The answer is the data below, repeated exactly, with no pictures included.

━━ SUPPLIED MATERIAL ━━

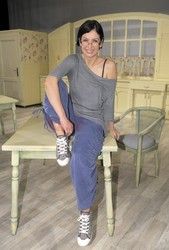 Dziewczyny z kalendarza - próba w Teatrze Komedia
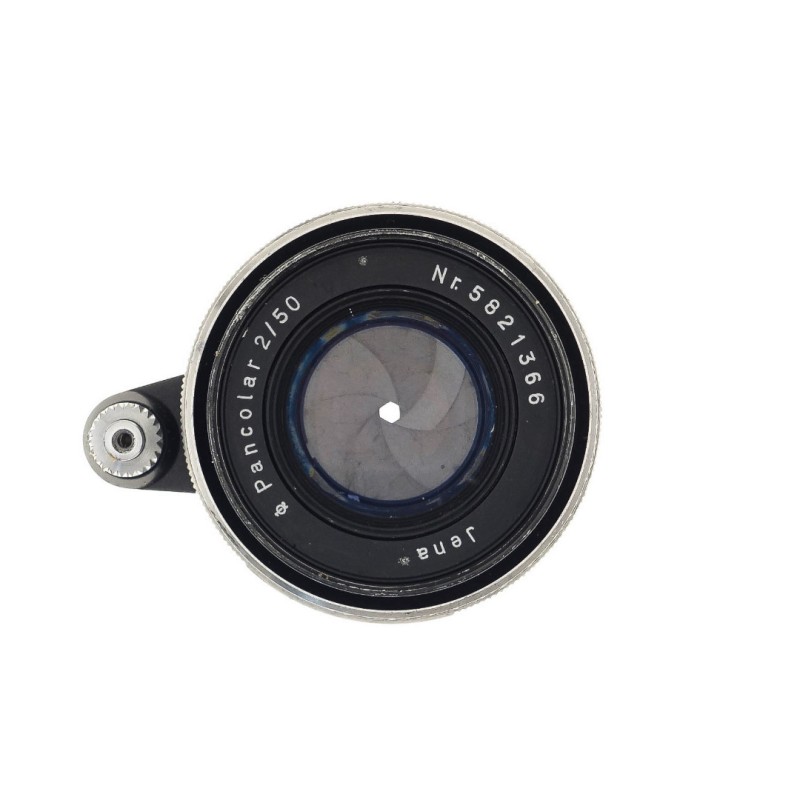 Carl Zeiss Jena Pancolar 50mm f2 Exakta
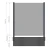 Eckpfosten Balustrade 45x45x1283mm Glas 8,72mm dunkelgrau Kozza KR7500 000-890 (7)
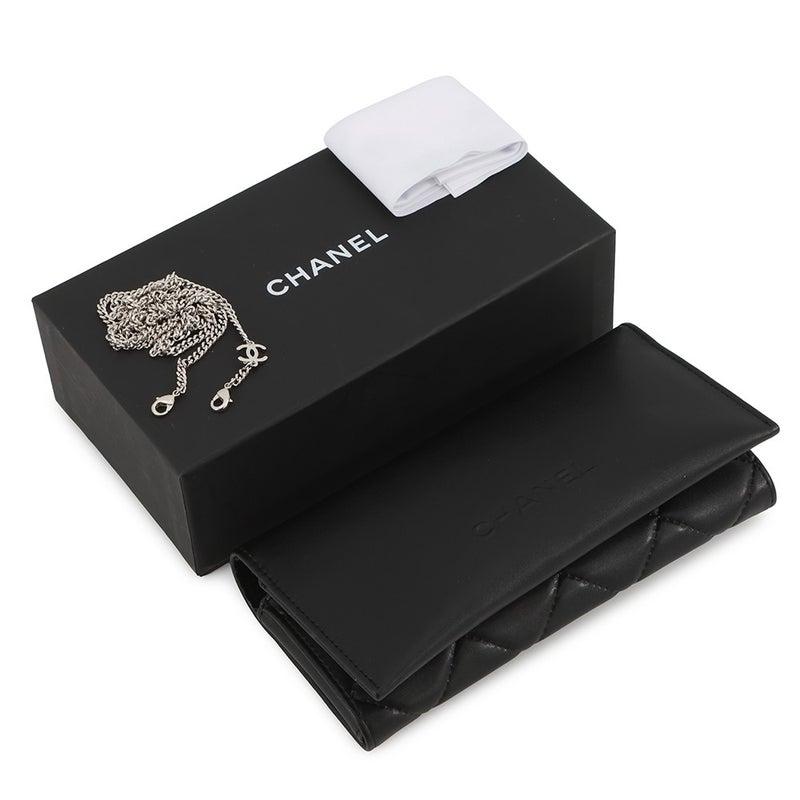 シャネル サングラス チェーン パントシェイプ 55□17 135 A71289 CHANEL アイウェア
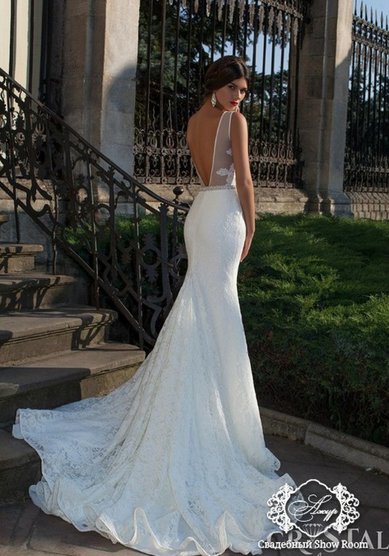 Свадебное платье Vizantia-А50556 - Свадебный шоу-рум Ажур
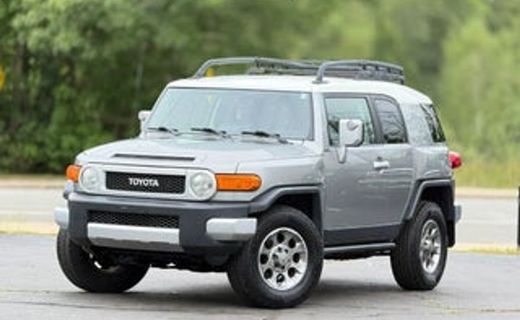 2011 Toyota FJ Cruiser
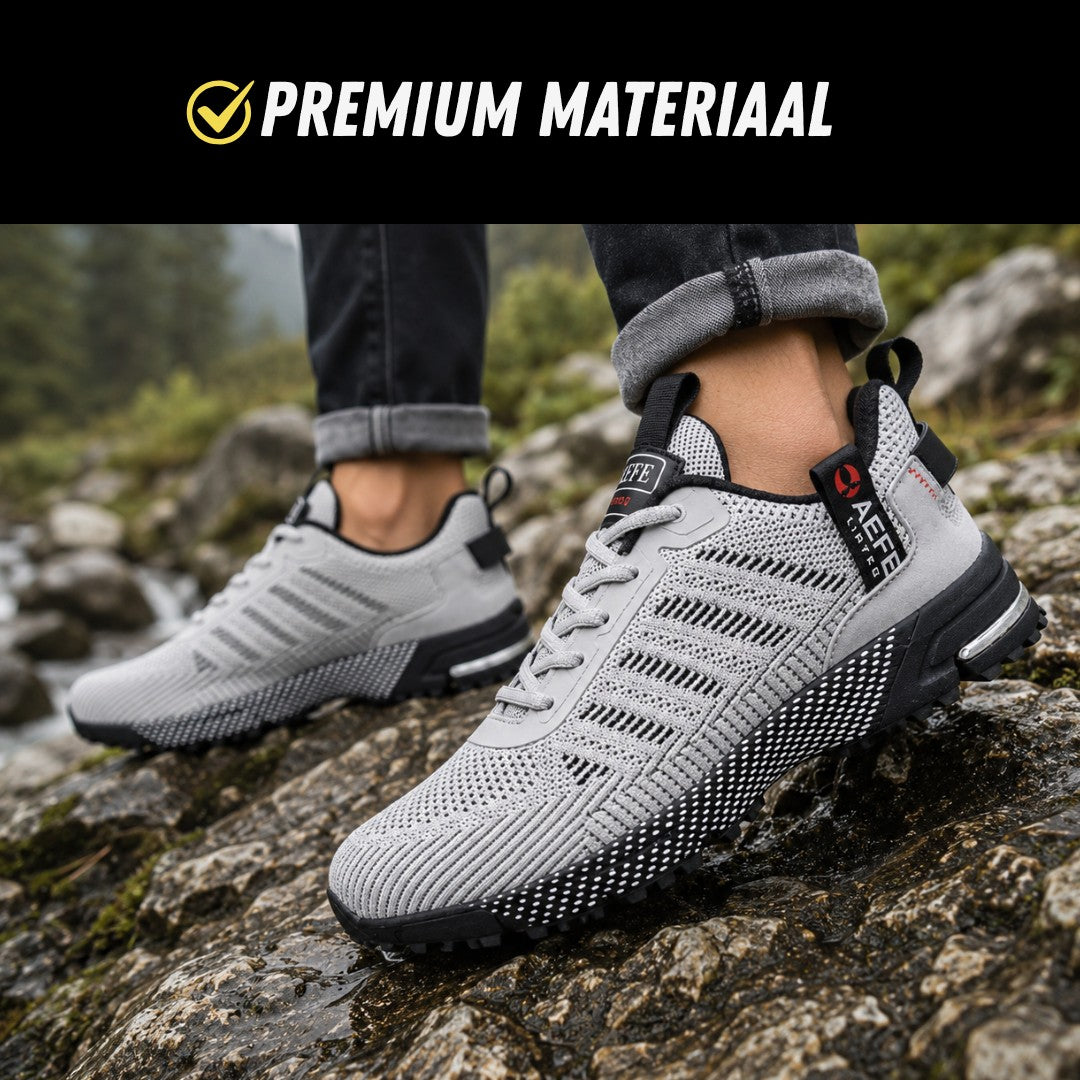 Orthopedische Wandelschoene, Lage Bergschoenen, Materiaal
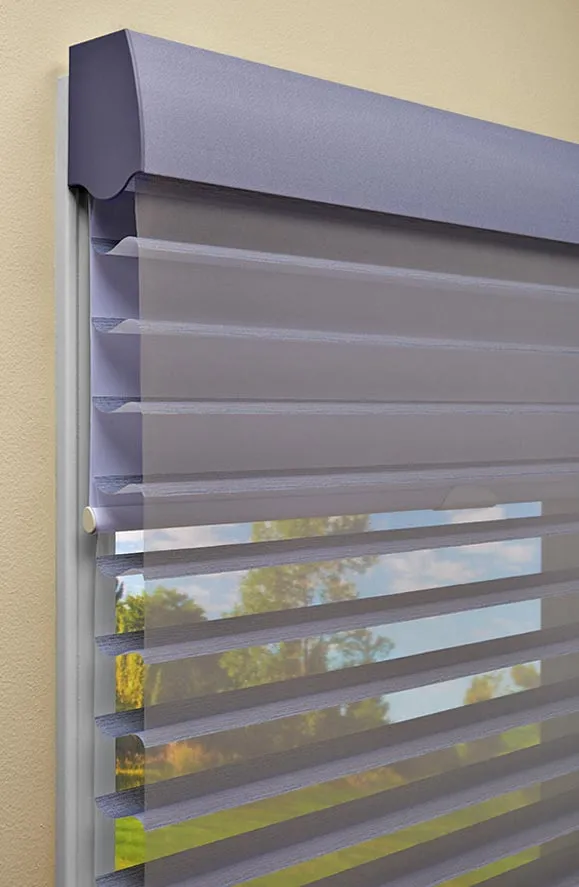Hunterdouglas Silhouette Horizontalsheershade Adeux Mystere Thundercloud Roomdarkening Blackout Sideview Openvanes Noroller 2016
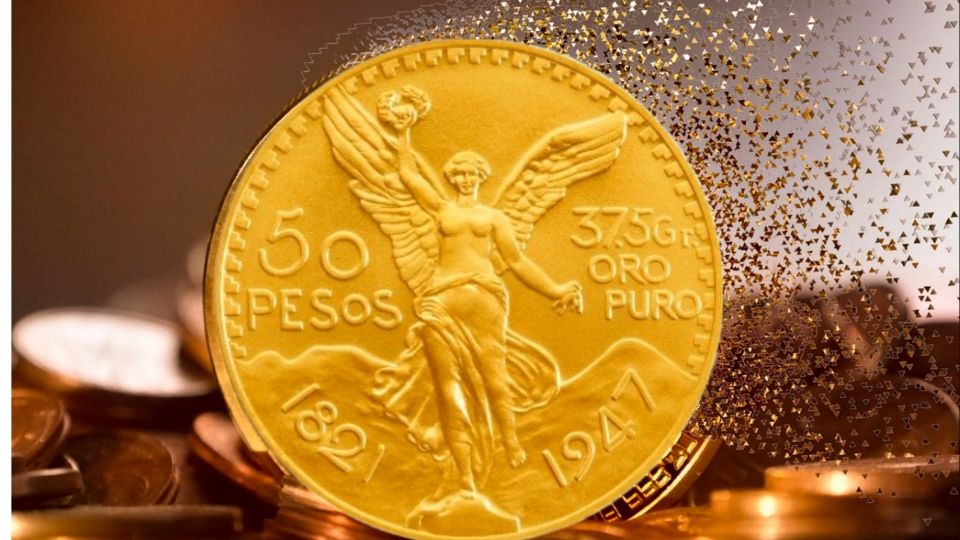 Cuánto vale un Centenario de Oro hoy en día 8 de septiembre de 2023.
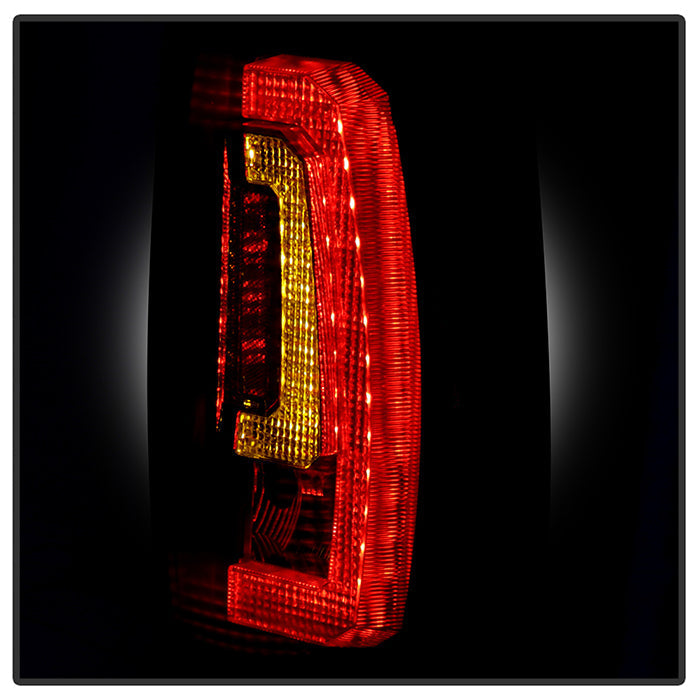 Spyder Chevy Suburban 07-14 V2 - LED Tail Lights - Black Smoke ALT-YD-CSUB07V2-LED-BSM 5083425
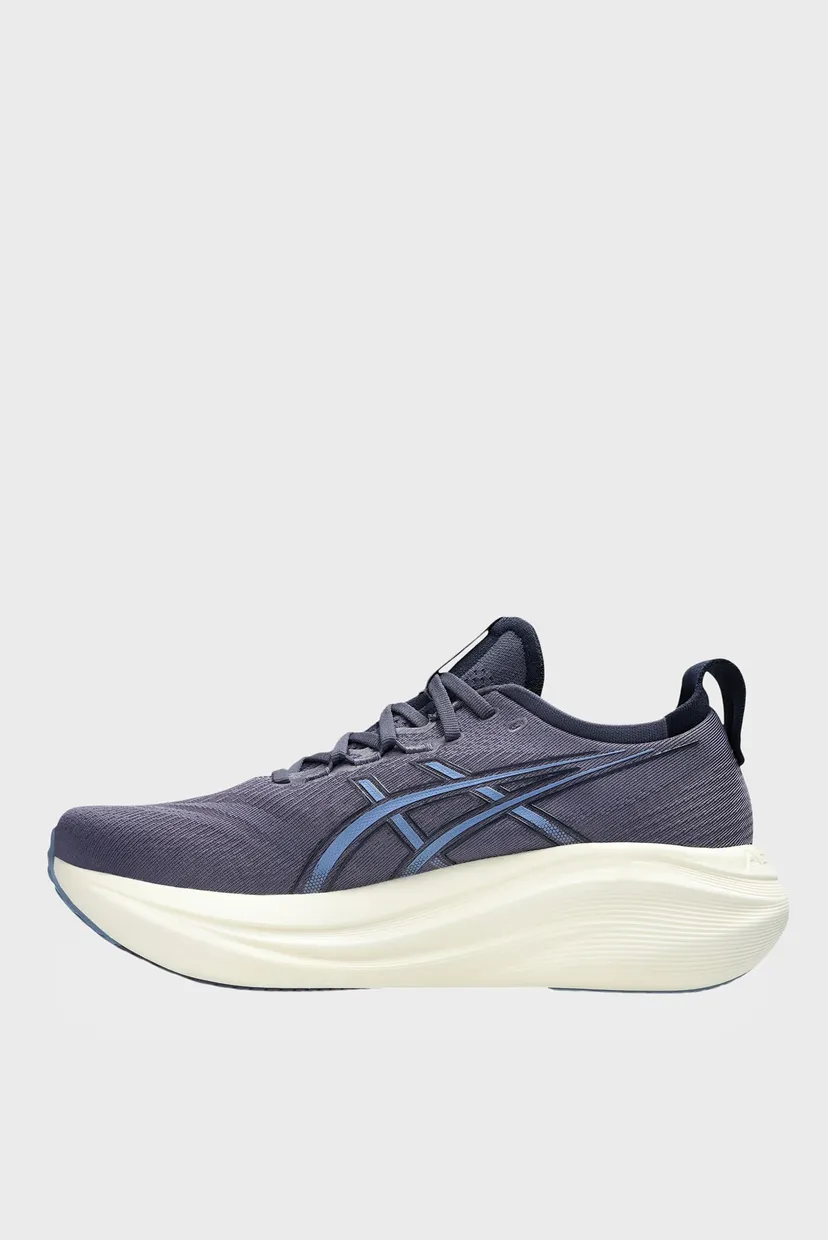 Мужские синие кроссовки GEL-NIMBUS 27 3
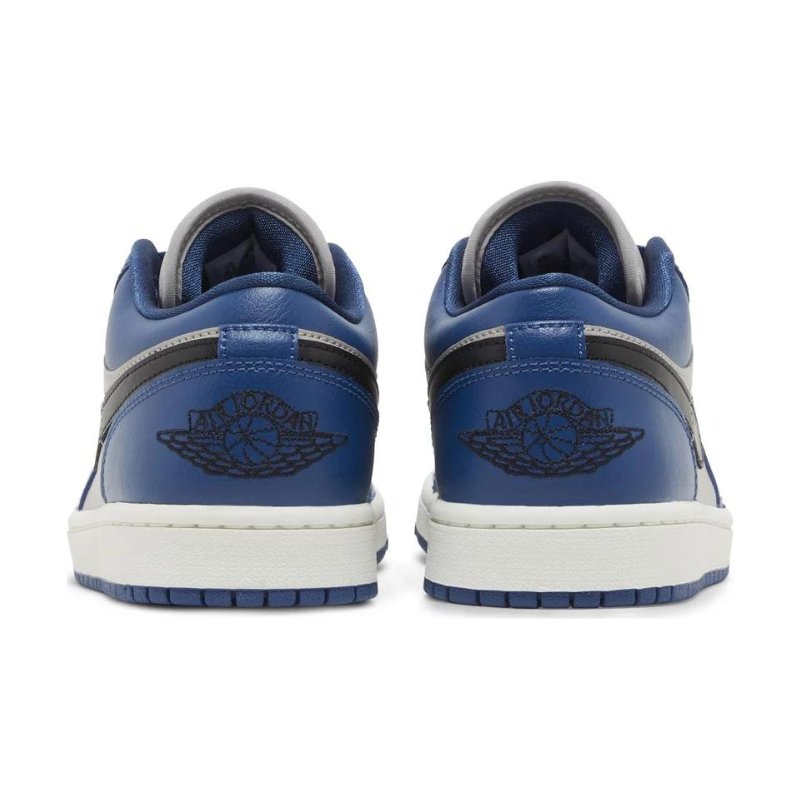 Jordan 1 Low - French Blue College Grey (W) - Im Your Wardrobe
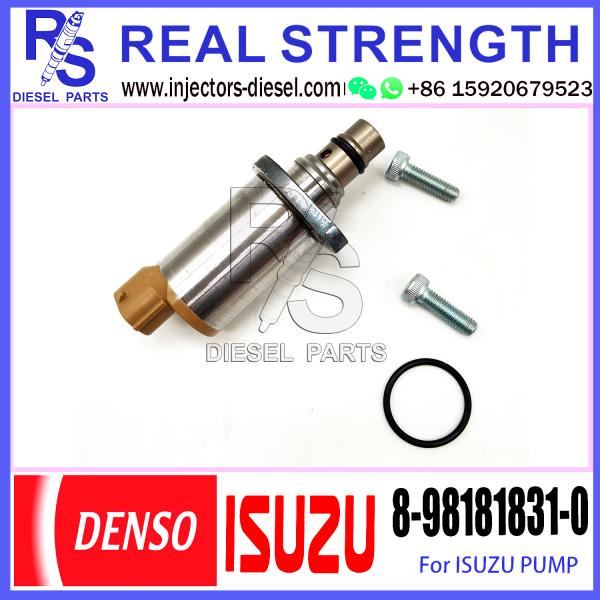 Válvula 8-98181831-0 da VÁLVULA de CONTROLE SCV da SUÇÃO da BOMBA de INJEÇÃO de ISUZU EURO4/54JJ1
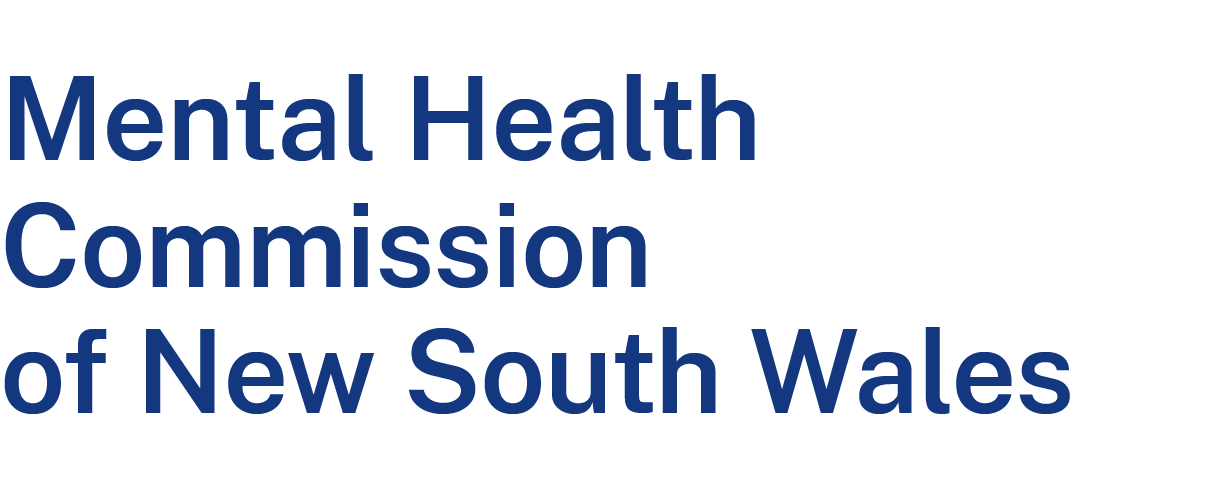Mental Health Commission of NSW logo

━━━

§ ANSWER SECTION:
 Dziewczyny z kalendarza - próba w Teatrze Komedia
 Carl Zeiss Jena Pancolar 50mm f2 Exakta
 Eckpfosten Balustrade 45x45x1283mm Glas 8,72mm dunkelgrau Kozza KR7500 000-890 (7)
 シャネル サングラス チェーン パントシェイプ 55□17 135 A71289 CHANEL アイウェア
 Свадебное платье Vizantia-А50556 - Свадебный шоу-рум Ажур
 2011 Toyota FJ Cruiser
 Orthopedische Wandelschoene, Lage Bergschoenen, Materiaal
Hunterdouglas Silhouette Horizontalsheershade Adeux Mystere Thundercloud Roomdarkening Blackout Sideview Openvanes Noroller 2016
 Cuánto vale un Centenario de Oro hoy en día 8 de septiembre de 2023.
 Spyder Chevy Suburban 07-14 V2 - LED Tail Lights - Black Smoke ALT-YD-CSUB07V2-LED-BSM 5083425
 Мужские синие кроссовки GEL-NIMBUS 27 3
 Jordan 1 Low - French Blue College Grey (W) - Im Your Wardrobe
 Válvula 8-98181831-0 da VÁLVULA de CONTROLE SCV da SUÇÃO da BOMBA de INJEÇÃO de ISUZU EURO4/54JJ1
Mental Health Commission of NSW logo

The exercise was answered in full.